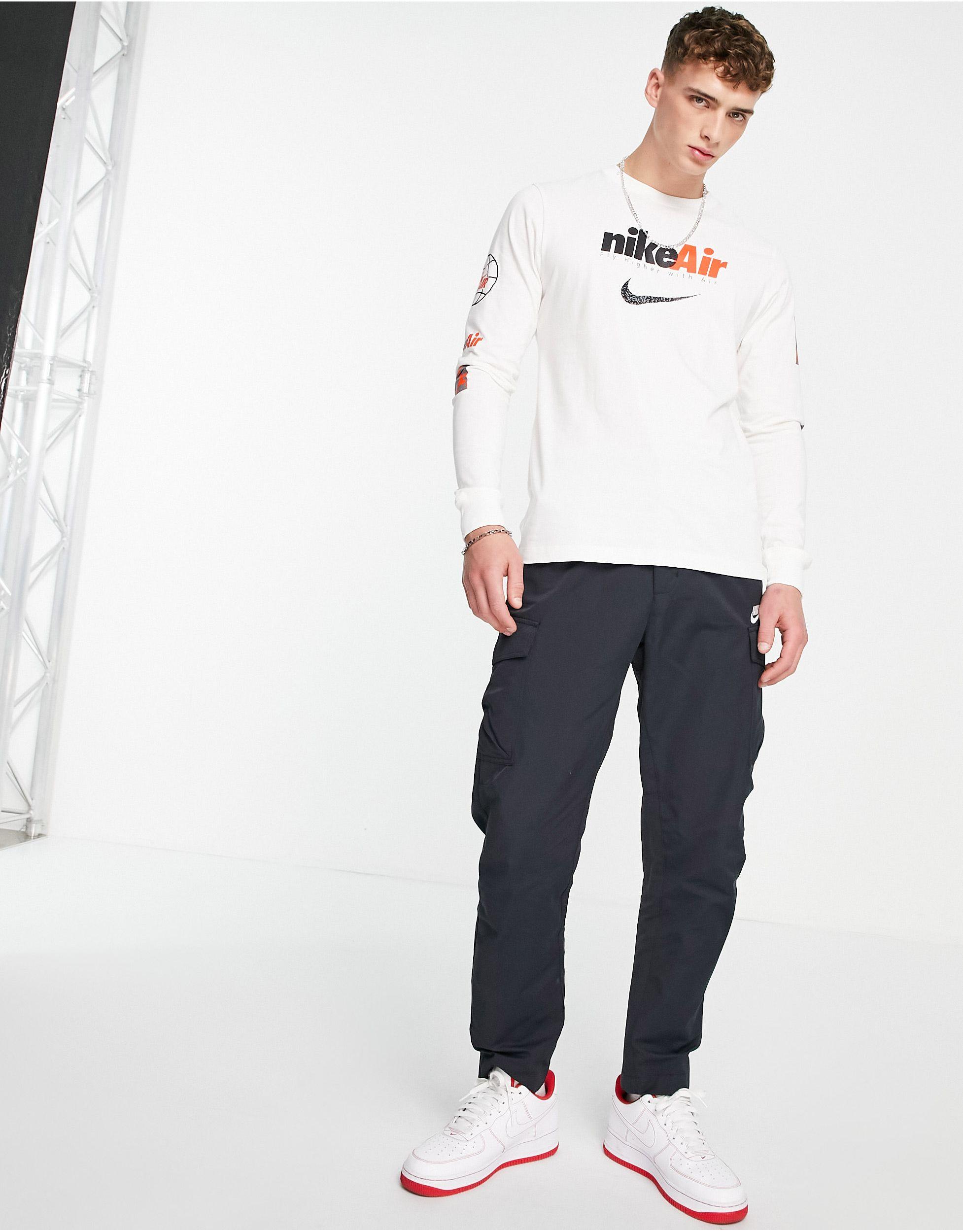 Nike Air Sleeve Print Long Sleeve T-shirt in White for Men - Lyst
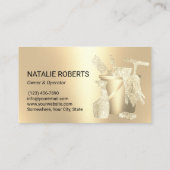 Huishoudelijke gouden vuilnisopbergschijven visitekaartje (Achterkant)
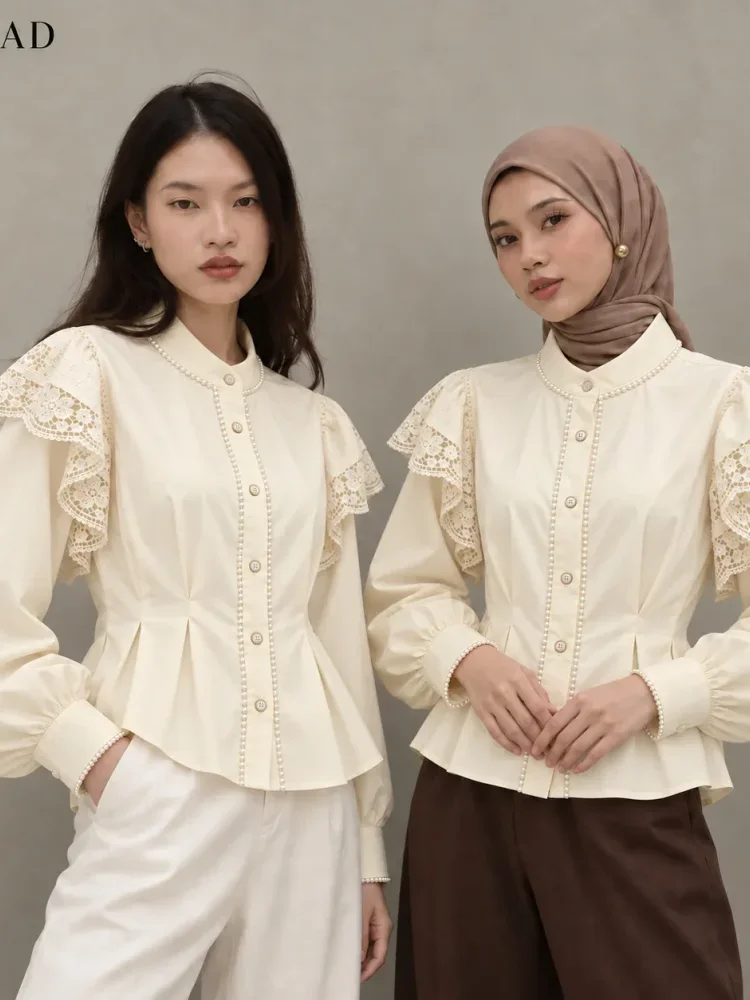 [DISKON KILAT]FADFAD Wanita longgar daun tepi lengan panjang top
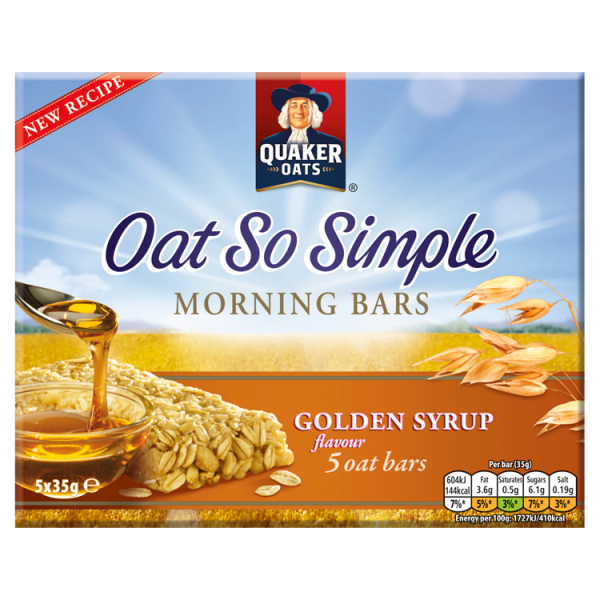 Quaker Oat So Simple Golden Syrup Morning Bars 5x35g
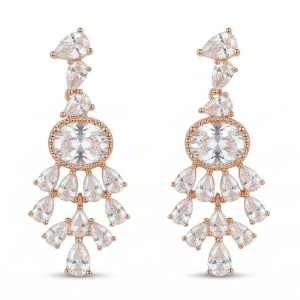 Radiant Chandelier Teardrop Earrings in 925 Sterling Silver with Rose Gold Finish - Bridal Women's Jewellery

■ ■ ■ ■ ■

[Problem to work on]: Retype the listing above exactly. Pictures are not part of the copy.

[Response to the task]:
 Nike Air Sleeve Print Long Sleeve T-shirt in White for Men - Lyst
 Huishoudelijke gouden vuilnisopbergschijven visitekaartje (Achterkant)
 [DISKON KILAT]FADFAD Wanita longgar daun tepi lengan panjang top
 Quaker Oat So Simple Golden Syrup Morning Bars 5x35g
 Radiant Chandelier Teardrop Earrings in 925 Sterling Silver with Rose Gold Finish - Bridal Women's Jewellery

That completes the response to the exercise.